Es war damals noch möglich, dass man als Zivildienstleistender den Abend- und Nachtdienst auf den Stationen (so hießen die Pavillons) allein versehen musste. An einem Abend, an dem ich Dienst hatte, geschieht folgendes: Zwei der Jugendlichen geraten in Streit. Sie schubsen sich, einer von ihnen fällt in die Glastür zur Küche, das Glas bricht. Eine Blutfontäne spritzt meterweit. Die Halsschlagader ist durchtrennt. Ich hatte irgendwann einmal gelesen, dass man mit dem Daumen in die Wunde drücken muss, um den Blutfluss zu stoppen, aber auch, dass man dies nur kurze Zeit tun kann. Ich kniee über dem Jungen, presse den Daumen in die Schnittstelle. Das Telefon ist nicht erreichbar. Ich schreie um Hilfe, aber die nächsten Pavillons sind zu weit weg. Franz, so hieß der hässliche Junge, steht neben mir, blutverschmiert, dreht sich um, verlässt das Haus, geht zum nächsten Gebäude. Dort zeigt er sich einfach. Hilfe kommt. Glücklicherweise ist unter den Betreuern ein ehemaliger Bergwerksanitäter.
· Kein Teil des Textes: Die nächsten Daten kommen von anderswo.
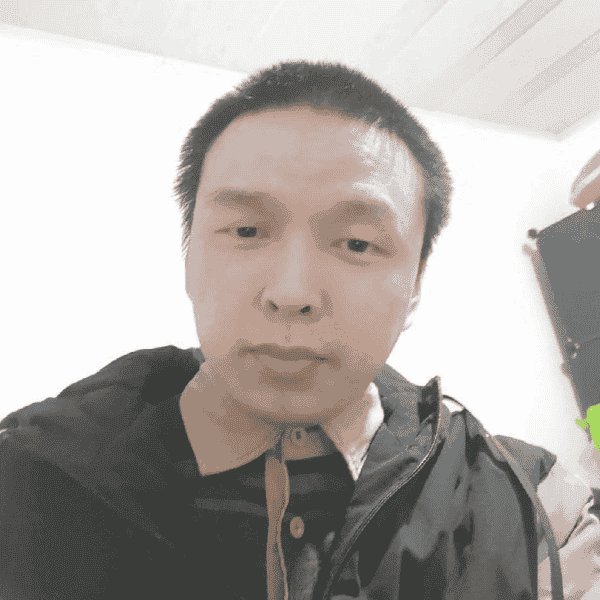 35岁岁浙江单身帅哥 - 宝鸡吉缘网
Aber das ist nicht die Geschichte. Sie fängt für mich an, als der schwer verletzte Junge ins Krankenhaus gefahren wird und wir inmitten des blutigen Chaos sitzen und uns bemühen, das Erlebte zu verdauen. Franz dagegen sucht etwas, er öffnet den Besenschrank, nimmt einen Schrubber, einen Eimer, einen Feudel, holt heißes Wasser … und beginnt zu putzen, gleichmäßig, unaufgeregt, unendlich beruhigend und ganz ohne einen Hauch von Pathos.
Und das ist es, was ich erzählen wollte – ganz ohne Theorie, einfach nur so.